Understanding how food works as fuel is liberating to the mind, body and wallet.

This is my muddled understanding of how us water robots are powered. The fundamental energy source our bodies use is called Adenosine triphosphate (ATP). The body refines ATP primarily through two metabolic processes called Glycolysis and Ketosis.

 

Glycolysis

Glycolysis is the process our bodies use to derive the majority of their ATP. Glycolysis is the body's way of getting to ATP from sugars. Sugars are fast, easy fuel for the body to process. If sugars are available, the body will use them. Carbs are effectively sugar (break down into sugar). Carbs haven't always been so widely available to our bodies. In cave man times, finding sugar was quite a victory. Thus, the body has been programmed over time to throw a brain party when sugar is consumed. The remaining sugar is stored in body fat for later use.

 

Ketosis

When sugars aren't available the body goes into a sort of fasting state called Ketosis. In ketosis the body begins deriving ATP from Ketones. Ketones come from fats, so when we're in a state of ketosis we're making our energy from fats. Ketones are better fuel for the brain and heart. This is partly why we feel clarity when fasting, and part of why fasting is present in near all spiritual practices.

 

Intent

Establishing intent is the first thing to do when diving into fueling the body. Some of us want to put on muscle, lose fat, get stronger, be healthier, save money, have more energy, eat ecologically, etc. Establish intent to build the fueling solution that works. My intent is to be strong, energetic, lean, ecological and frugal. Keep my intent in mind, and know that I'm figuring all of this out as I go.

 

Leveraging Ketosis

I intermittently fast, limit sugar intake, and eat good fats to get my body using ketones. Intermittent fasting is effectively skipping breakfast and eating lunch later. Intermittent fasting came easy to me, because I feel much better when I skip breakfast. In school, the days I would eat breakfast I would be hungry earlier and crash if I didn't eat more. This is because I was eating sugary foods and kicking my body into glycolysis. What I do now is add a bunch of coconut oil to my coffee or tea in the morning. I can run on the coconut oil and feel great until early afternoon. If I do feel hungry I'll eat some nuts, seeds, avocado, or other low carb high fat things. All the while not eating sugar.

 

Foods I dig

Coconut oil - Calorie dense long lasting fuel.

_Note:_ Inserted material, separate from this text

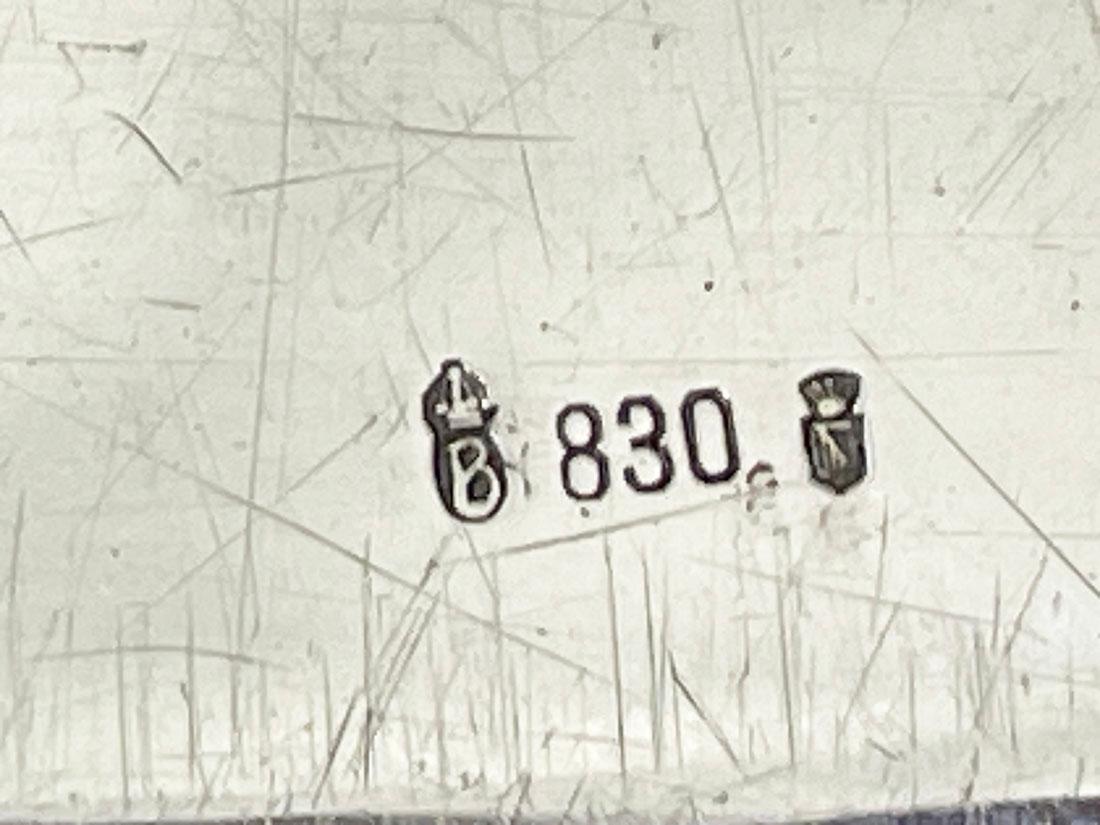 Bandeja de plata holandesa de Begeer, Utrecht 1916-1921 Silver en venta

Avocado - Great source fats, taste good, feel good.

Peanuts - Inexpensive, calorie dense, protein.

Black Beans - Add to soup, good cheap protein.

Sunflower Seeds - Similar to peanuts. We use these on soups, salads etc.

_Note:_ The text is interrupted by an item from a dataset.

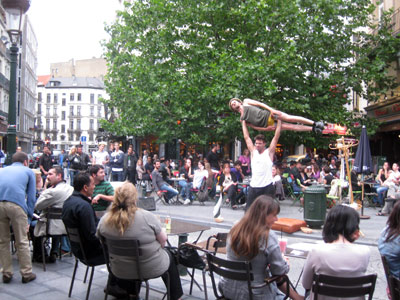 Straßentheater 2011 Brüssel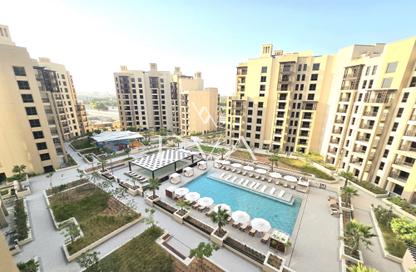 Apartment - 1 - 1 for rent in Lamaa Building 1 - Lamaa - Madinat Jumeirah Living - Umm Suqeim 3 - Umm Suqeim - Dubai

Sardines - I like them canned in olive oil. Wild planet is a great brand. Great simple fuel.

Apples - High satiety rating. Filling but low calorie. Good for curbing appetite. Pink ladies are my go to.

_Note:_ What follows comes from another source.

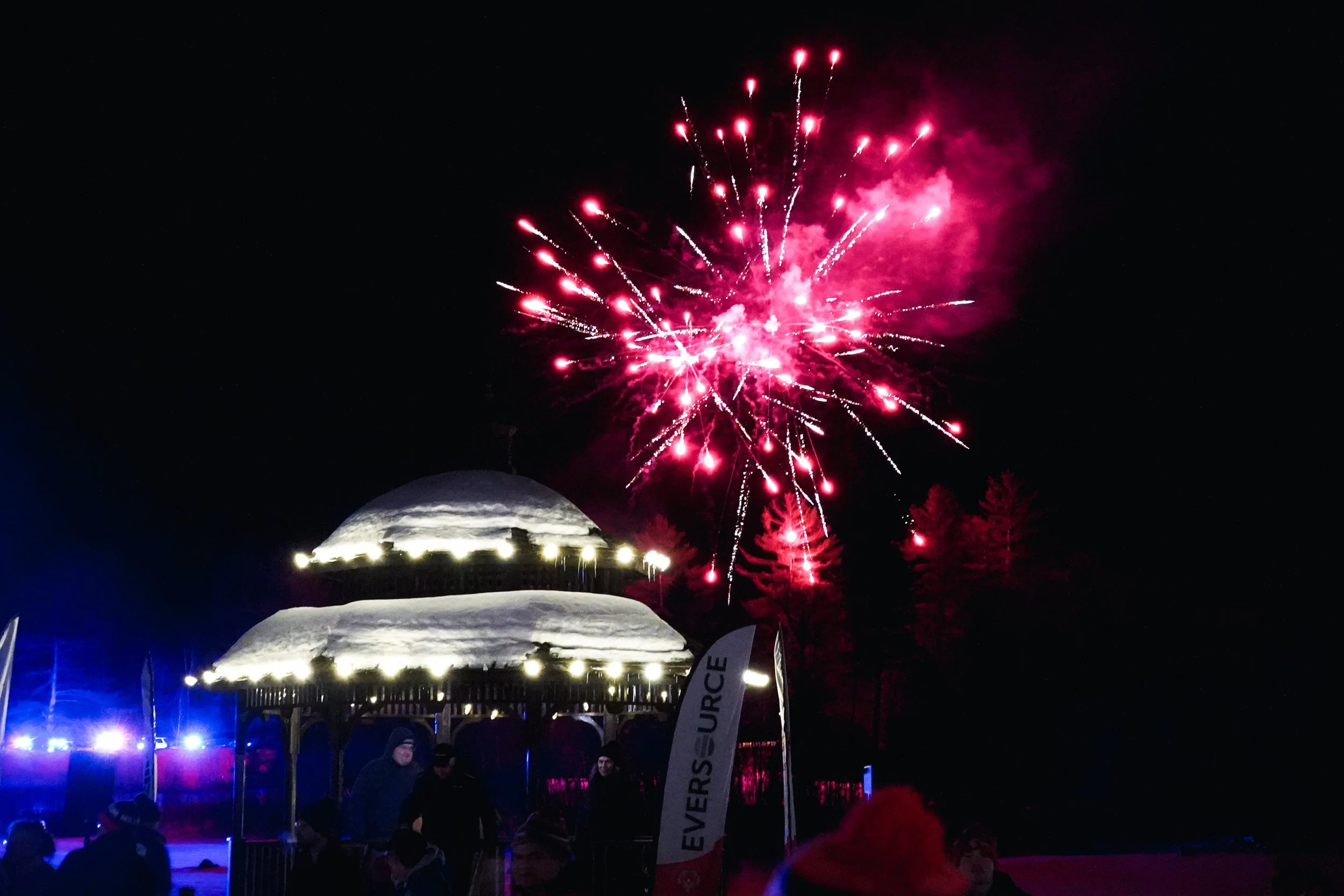 Special Olympics Opening Ceremony Fireworks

Carrots - Simple, cheap, nutrient dense snack. Dip them in hummus or nut butter.

Hummus - Made out of chickpeas. Chickpeas are a good source of clean protein. Easy to make at home.

Cauliflower - Great for giving soups and rice dishes a meat like crunch.

Blue Berries - Taste awesome, hugely nutritious, super fruit?

Bananas - Potassium makes the muscles feel good. Super cheap as well.

Greens Powder - A good greens powder is an easy way to get the body the nutrients it needs.